_Task requirements_: Print out the data precisely as it appears here, with no pictures.

Start of Available data

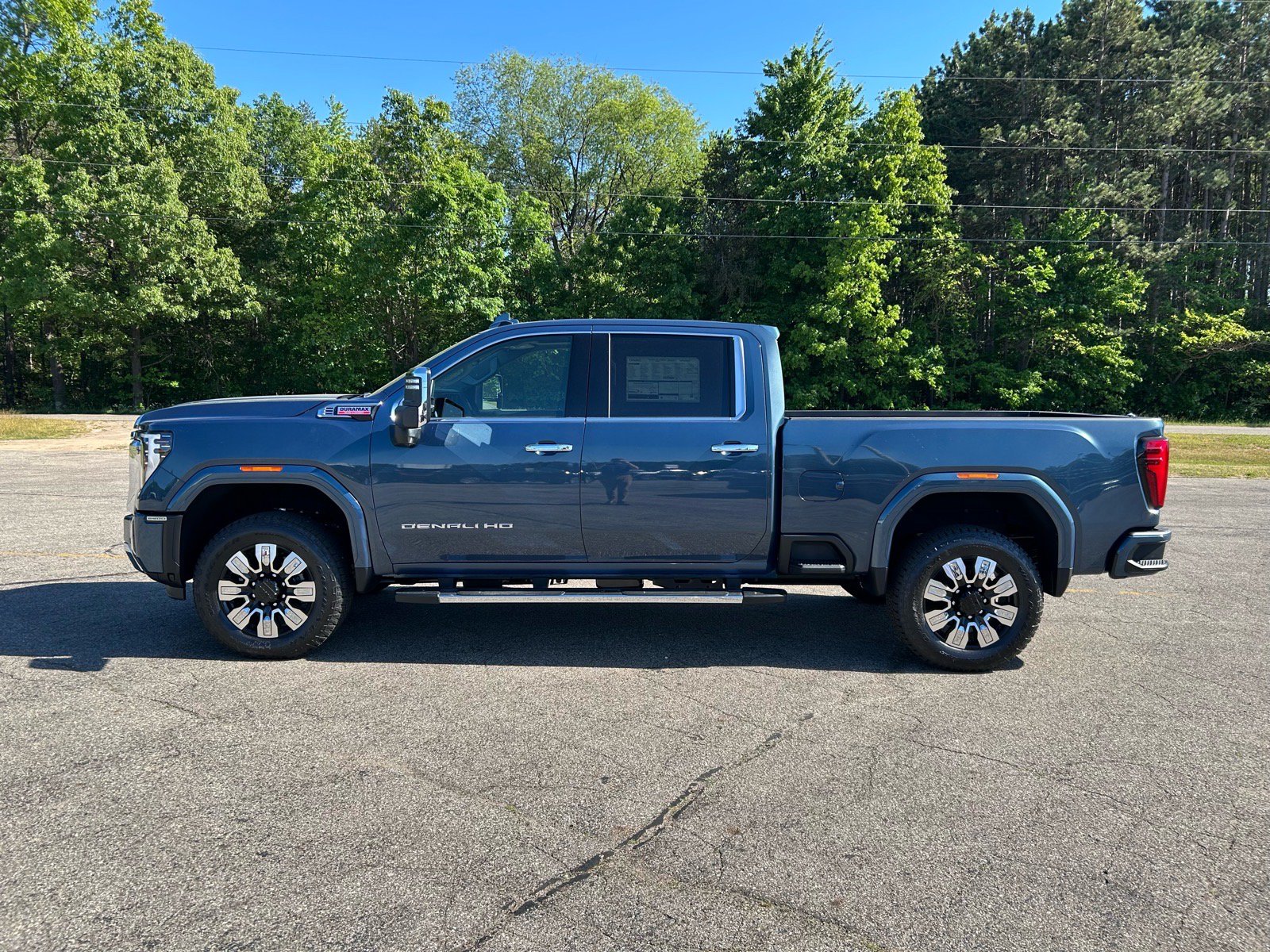 New 2026 GMC Sierra 2500 Denali w/ Denali Reserve Package AWD/4WD image 9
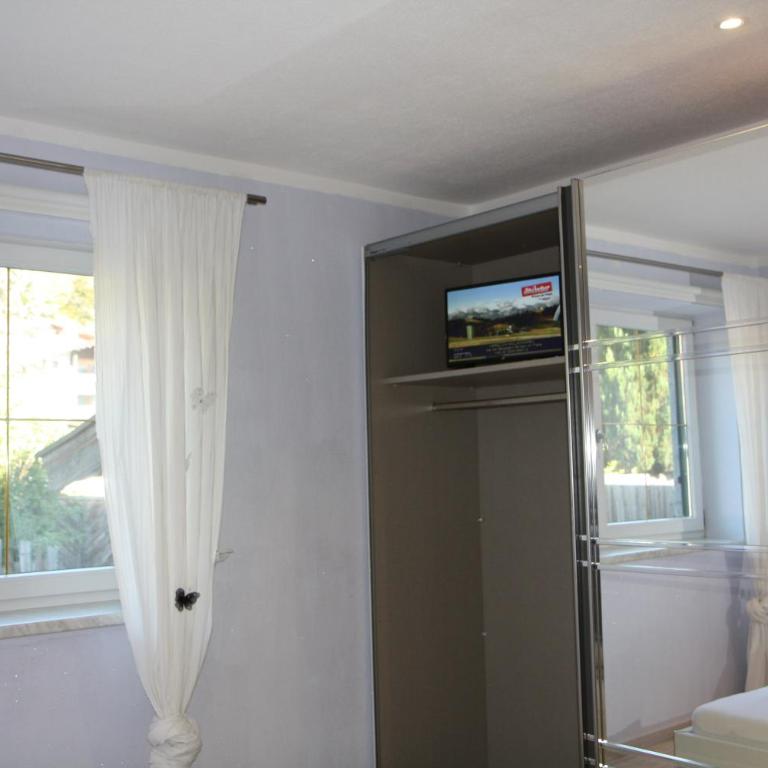 Ferienwohnung Gabriele - Apartment mit 3 Schlafzimmern und Terrasse - 4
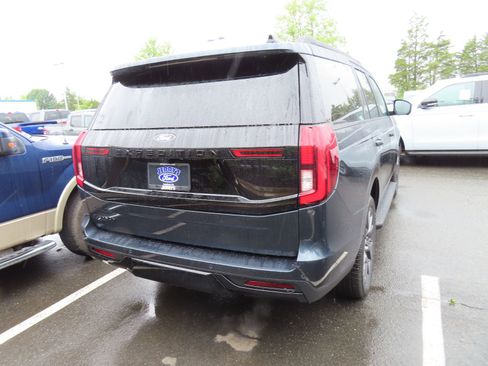 New 2026 Ford Expedition Platinum w/ Stealth Appearance Package AWD/4WD image 4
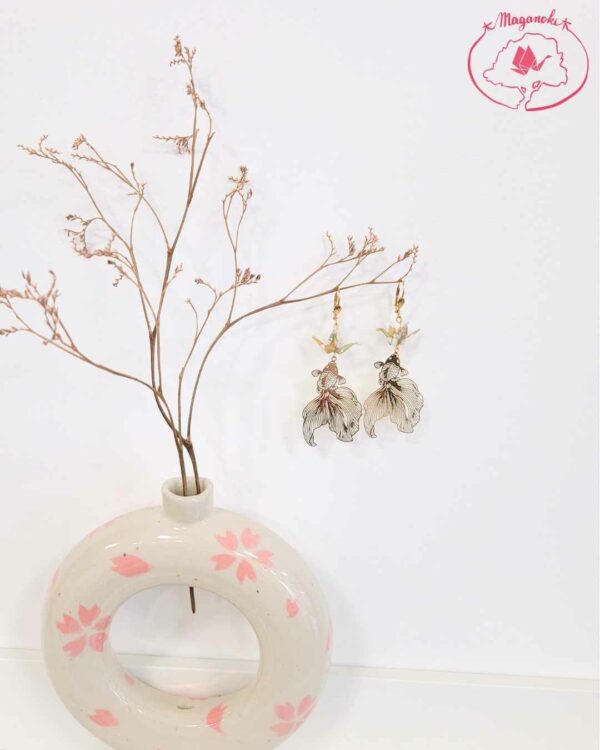 boucles d'oreilles en origami japonaises grues sur des carpes koi dorées
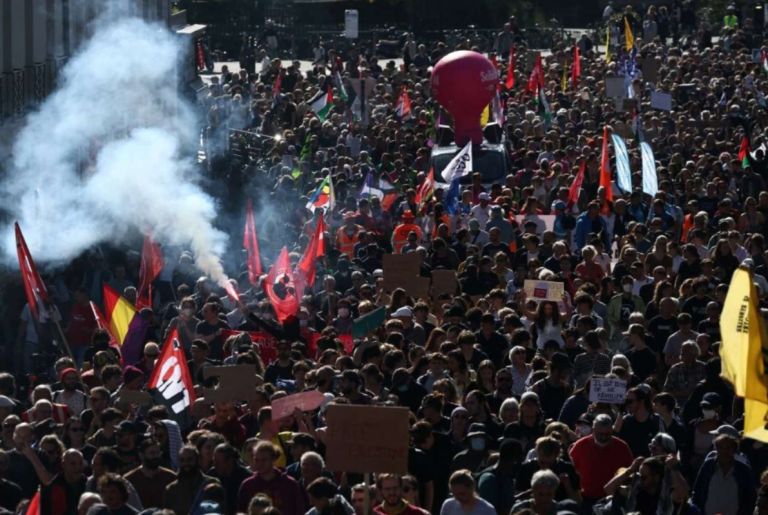 Στους δρόμους οι Γάλλοι: Μαζικές διαδηλώσεις κατά της λιτότητας και της κυβέρνησης Μακρόν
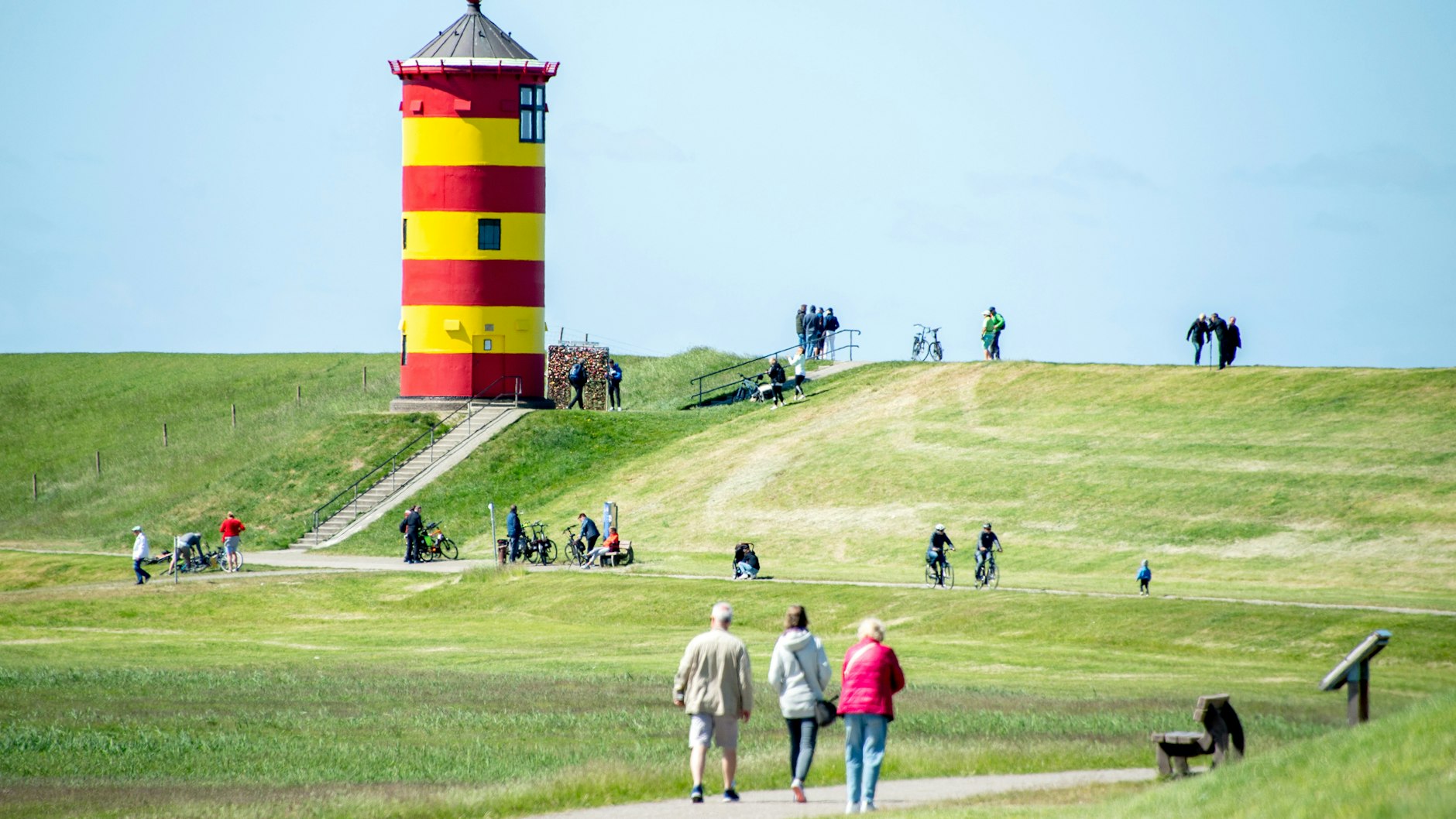 Neben Mecklenburg-Vorpommern, Schleswig-Holstein und Bayern hat auch Niedersachsen Einreisebeschränkungen für Menschen aus dem Kreis Gütersloh erlassen. Pilsum (Foto) wird in dieser Woche wohl keine Touristen aus dem Landkreis sehen.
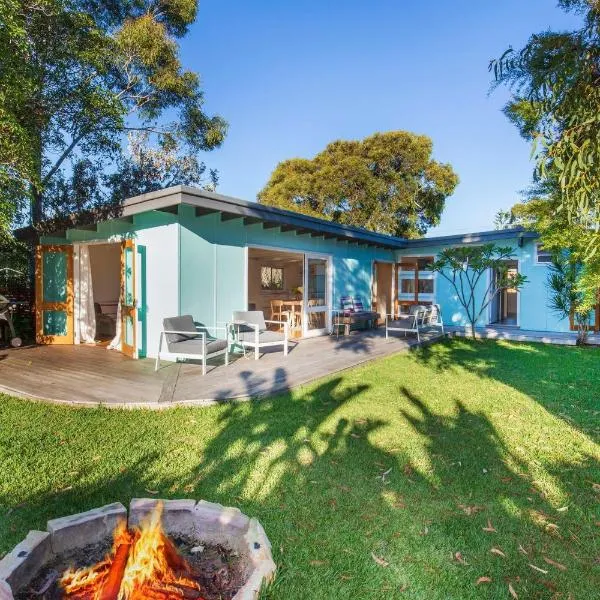 Beachwood - Firepit - Pet Friendly - 2 Mins Walk to the Beach, hotel v destinaci Callala Beach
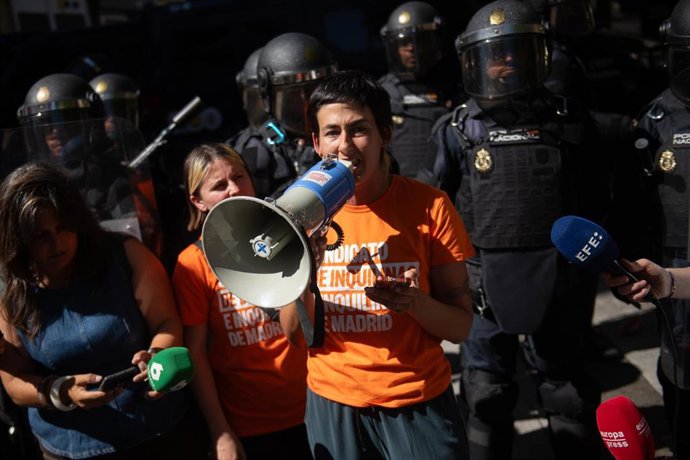 Las portavoces del Sindicato de Inquilinas e Inquilinos de Madrid, Valeria Racu (i) y Alicia del Río (d), a 23 de septiembre de 2026, en Madrid (España).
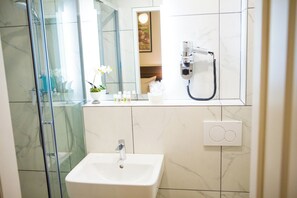 Hypo-allergenic bedding, minibar, in-room safe, desk - Pension Central - Self Check-in (Vienna)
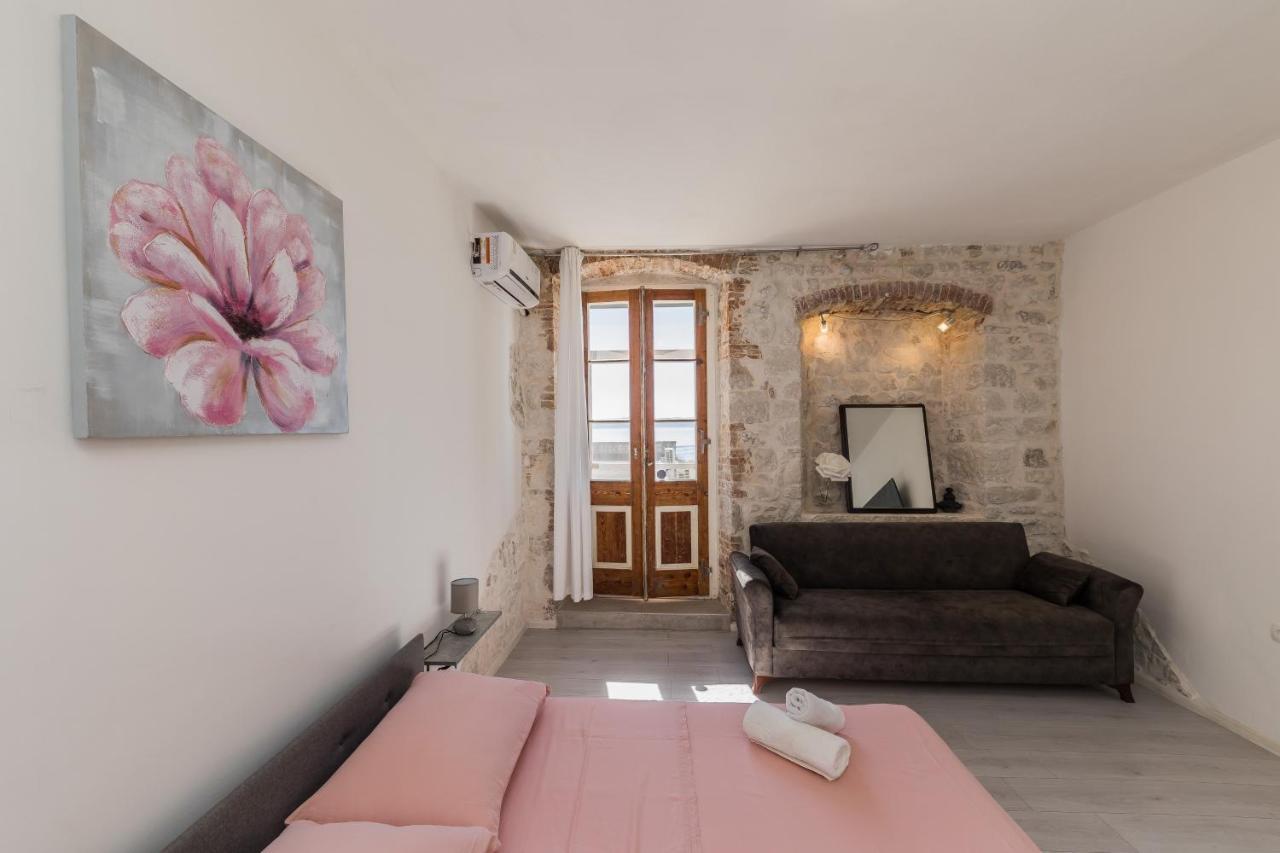 Apartment Seafront Karlo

End of Available data

_Expected answer_:
 New 2026 GMC Sierra 2500 Denali w/ Denali Reserve Package AWD/4WD image 9
 Ferienwohnung Gabriele - Apartment mit 3 Schlafzimmern und Terrasse - 4
 New 2026 Ford Expedition Platinum w/ Stealth Appearance Package AWD/4WD image 4
 boucles d'oreilles en origami japonaises grues sur des carpes koi dorées
 Στους δρόμους οι Γάλλοι: Μαζικές διαδηλώσεις κατά της λιτότητας και της κυβέρνησης Μακρόν
 Neben Mecklenburg-Vorpommern, Schleswig-Holstein und Bayern hat auch Niedersachsen Einreisebeschränkungen für Menschen aus dem Kreis Gütersloh erlassen. Pilsum (Foto) wird in dieser Woche wohl keine Touristen aus dem Landkreis sehen.
 Beachwood - Firepit - Pet Friendly - 2 Mins Walk to the Beach, hotel v destinaci Callala Beach
 Las portavoces del Sindicato de Inquilinas e Inquilinos de Madrid, Valeria Racu (i) y Alicia del Río (d), a 23 de septiembre de 2026, en Madrid (España).
 Hypo-allergenic bedding, minibar, in-room safe, desk - Pension Central - Self Check-in (Vienna)
 Apartment Seafront Karlo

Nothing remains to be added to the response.